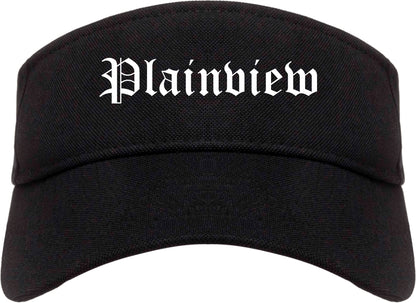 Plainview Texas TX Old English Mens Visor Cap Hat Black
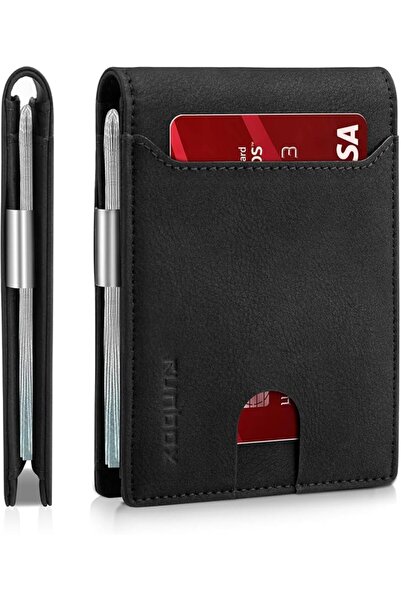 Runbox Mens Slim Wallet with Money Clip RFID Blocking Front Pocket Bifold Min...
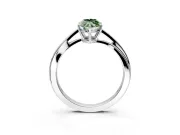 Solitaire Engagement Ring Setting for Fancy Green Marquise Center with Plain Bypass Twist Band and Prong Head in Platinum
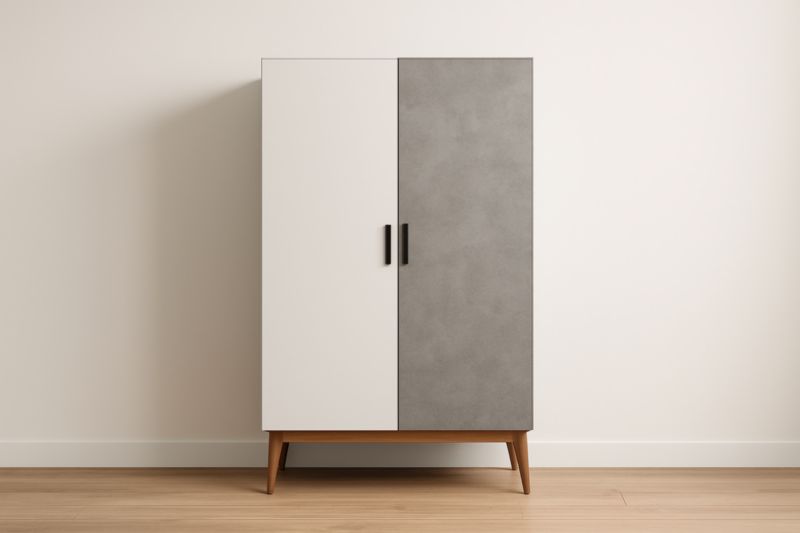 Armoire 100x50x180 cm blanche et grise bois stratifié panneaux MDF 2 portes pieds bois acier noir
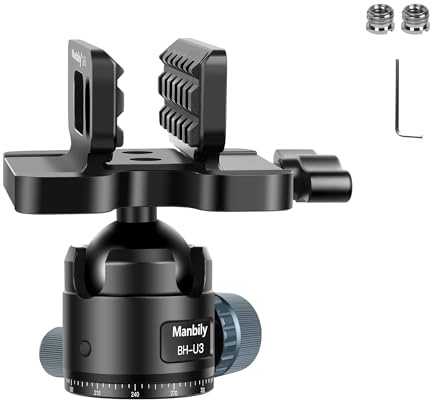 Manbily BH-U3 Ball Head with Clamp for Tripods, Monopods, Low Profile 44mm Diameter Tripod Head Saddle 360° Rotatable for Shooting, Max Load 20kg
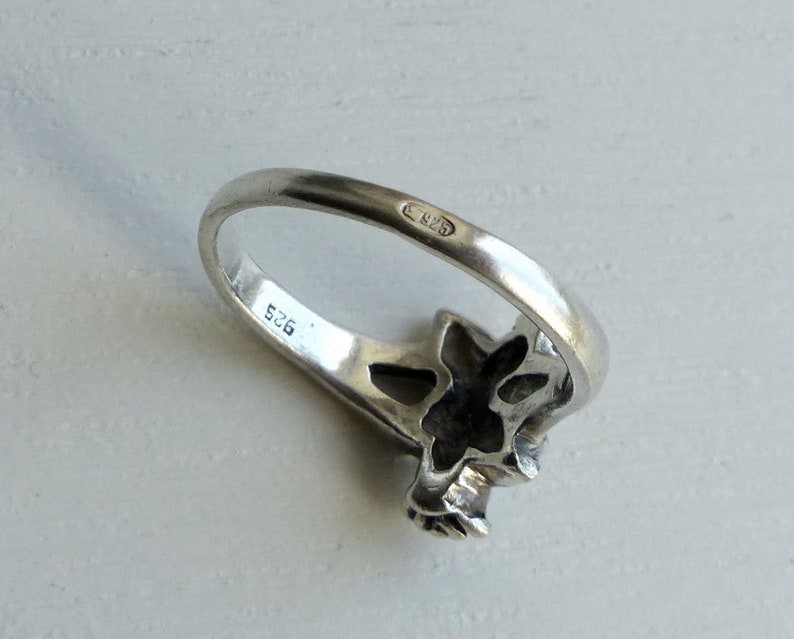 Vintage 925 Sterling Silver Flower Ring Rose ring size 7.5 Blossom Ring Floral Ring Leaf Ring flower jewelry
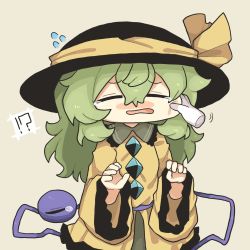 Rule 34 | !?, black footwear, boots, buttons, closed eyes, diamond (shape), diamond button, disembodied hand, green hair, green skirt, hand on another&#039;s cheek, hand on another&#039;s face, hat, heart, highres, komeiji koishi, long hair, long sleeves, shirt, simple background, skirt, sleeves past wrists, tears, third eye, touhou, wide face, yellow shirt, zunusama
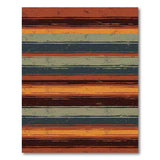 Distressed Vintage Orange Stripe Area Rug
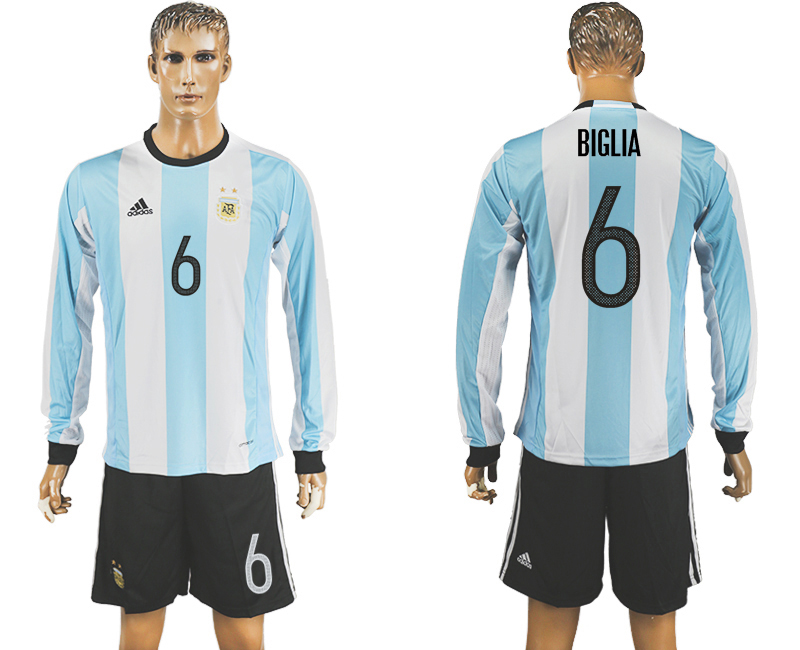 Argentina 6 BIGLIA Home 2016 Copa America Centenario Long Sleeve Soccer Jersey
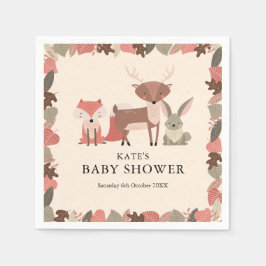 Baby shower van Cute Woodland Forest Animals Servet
_ _ _ _
→ Problem description: Between and including the line with "Runbox Mens Slim" and the line with "Manbily BH-U3 Ball", repeat every line exactly as it appears above, with pictures left out.

→ Exercise output:
 Runbox Mens Slim Wallet with Money Clip RFID Blocking Front Pocket Bifold Min...
 Solitaire Engagement Ring Setting for Fancy Green Marquise Center with Plain Bypass Twist Band and Prong Head in Platinum
 Armoire 100x50x180 cm blanche et grise bois stratifié panneaux MDF 2 portes pieds bois acier noir
 Manbily BH-U3 Ball Head with Clamp for Tripods, Monopods, Low Profile 44mm Diameter Tripod Head Saddle 360° Rotatable for Shooting, Max Load 20kg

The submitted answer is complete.